ActionScript is Adobe’s implementation of the ECMA-262 standard. As of version 3.0, ActionScript has full support for ECMA-262v3 regular expressions. This regex flavor is labeled “JavaScript” in this book. The ActionScript language is also very close to JavaScript. You should be able to adapt the JavaScript examples in this chapter for ActionScript.

C

C can use a wide variety of regular expression libraries. The open source PCRE library is likely the best choice out of the flavors covered by this book. You can download the full C source code at http://www.pcre.org. The code is written to compile with a wide range of compilers on a wide range of platforms.

C++

C++ can use a wide variety of regular expression libraries. The open source PCRE library is likely the best choice out of the flavors covered by this book. You can either use the C API directly or use the C++ class wrappers included with the PCRE download itself (see http://www.pcre.org).

On Windows, you could import the VBScript 5.5 RegExp COM object, as explained later for Visual Basic 6. That could be useful for regex consistency between a C++ backend and a JavaScript frontend.

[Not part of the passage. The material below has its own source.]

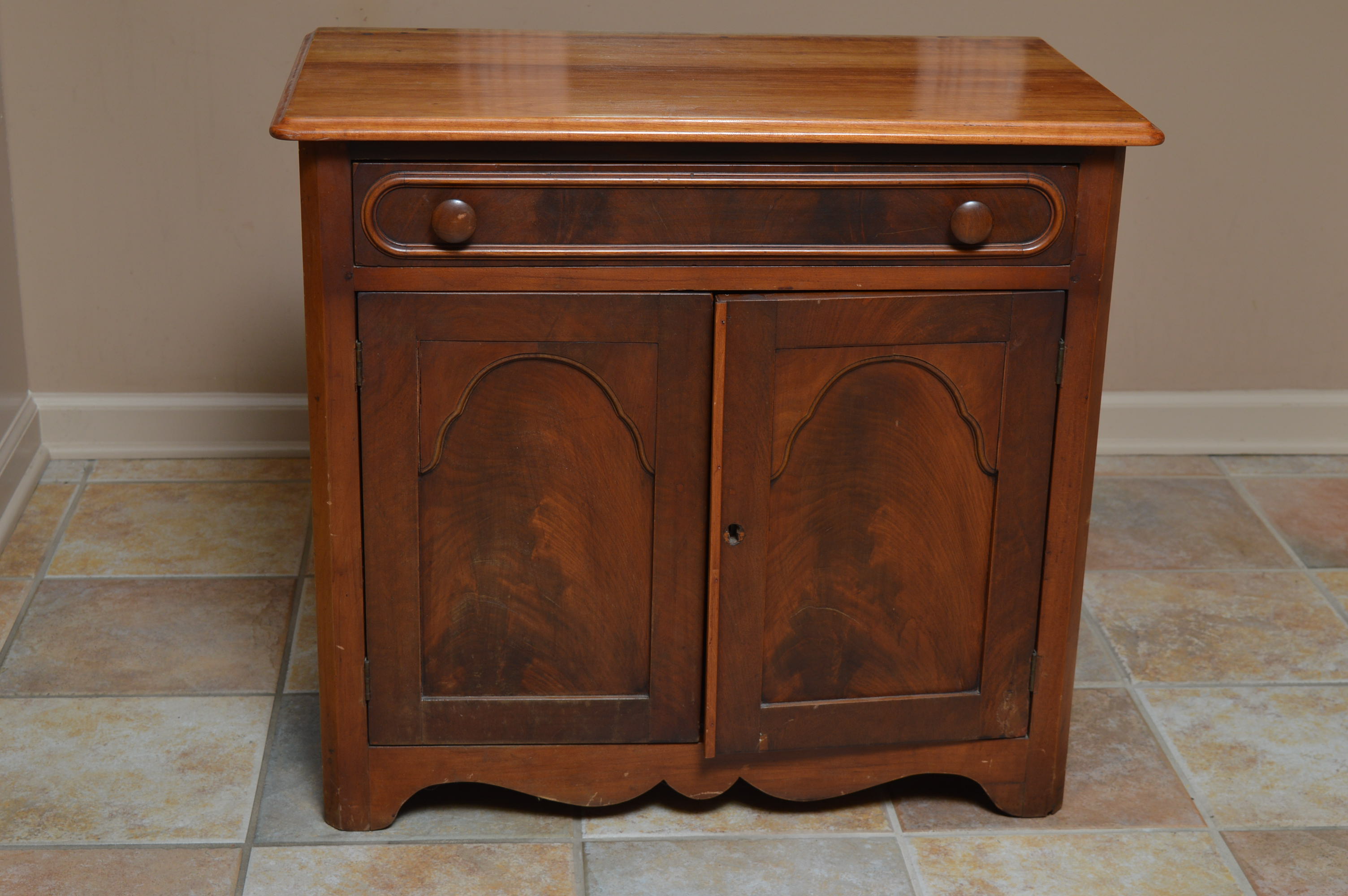 Vintage Mahogany Record Cabinet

C++ TR1 defines a <regex> header file that defines functions such as regex_search(), regex_match(), and regex_replace() that you can use to search through strings, validate strings, and search-and-replace through strings with regular expressions. The regular expression support in C++ TR1 is based on the Boost.Regex library. You can use the Boost.Regex library if your C++ compiler does not support TR1. You can find full documentation at http://www.boost.org/libs/regex/.

Delphi

Delphi XE was the first version of Delphi to have built-in support for regular expressions. The regex features are unchanged in Delphi XE2. The RegularExpressionsAPI unit is a thin wrapper around the PCRE library. You won’t use this unit directly.

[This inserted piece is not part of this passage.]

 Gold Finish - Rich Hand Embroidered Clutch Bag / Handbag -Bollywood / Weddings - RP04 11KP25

The RegularExpressionsCore unit implements the TPerlRegEx class. It provides a full set of methods to search, replace, and split strings using regular expressions. It uses the UTF8String type for all strings, as PCRE is based on UTF-8. You can use the TPerlRegEx class in situations where you want full control over when strings are converted to and from UTF-8, or if your data is in UTF-8 already. You can also use this unit if you’re porting code from an older version of Delphi that used Jan Goyvaerts’s TPerlRegEx class. The RegularExpressionsCore unit is based on code that Jan Goyvaerts donated to Embarcadero.

The RegularExpressions unit is the one you’ll use most for new code. It implements records such as TRegex and TMatch that have names and methods that closely mimic the regular expression classes in the .NET Framework. Because they’re records, you don’t have to worry about explicitly creating and destroying them. They provide many static methods that allow you to use a regular expression with just a single line of code.

If you are using an older version of Delphi, your best choice is Jan Goyvaerts’s TPerlRegEx class. You can download the full source code at http://www.regexp.info/delphi.html. It is open source under the Mozilla Public License. The latest release of TPerlRegEx is fully compatible with the RegularExpressionsCore unit in Delphi XE. For new code written in Delphi 2010 or earlier, using the latest release of TPerlRegEx is strongly recommended. If you later migrate your code to Delphi XE, all you have to do is replace PerlRegEx with RegularExpressionsCore in the uses clause of your units. When compiled with Delphi 2009 or Delphi 2010, the PerlRegEx unit uses UTF8String and fully supports Unicode. When compiled with Delphi 2007 or earlier, the unit uses AnsiString and does not support Unicode.

Another popular PCRE wrapper for Delphi is the TJclRegEx class part of the JCL library at http://www.delphi-jedi.org. It is also open source under the Mozilla Public License.

Delphi Prism

In Delphi Prism, you can use the regular expression support provided by the .NET Framework. Simply add System.Text.RegularExpressions to the uses clause of any Delphi Prism unit in which you want to use regular expressions.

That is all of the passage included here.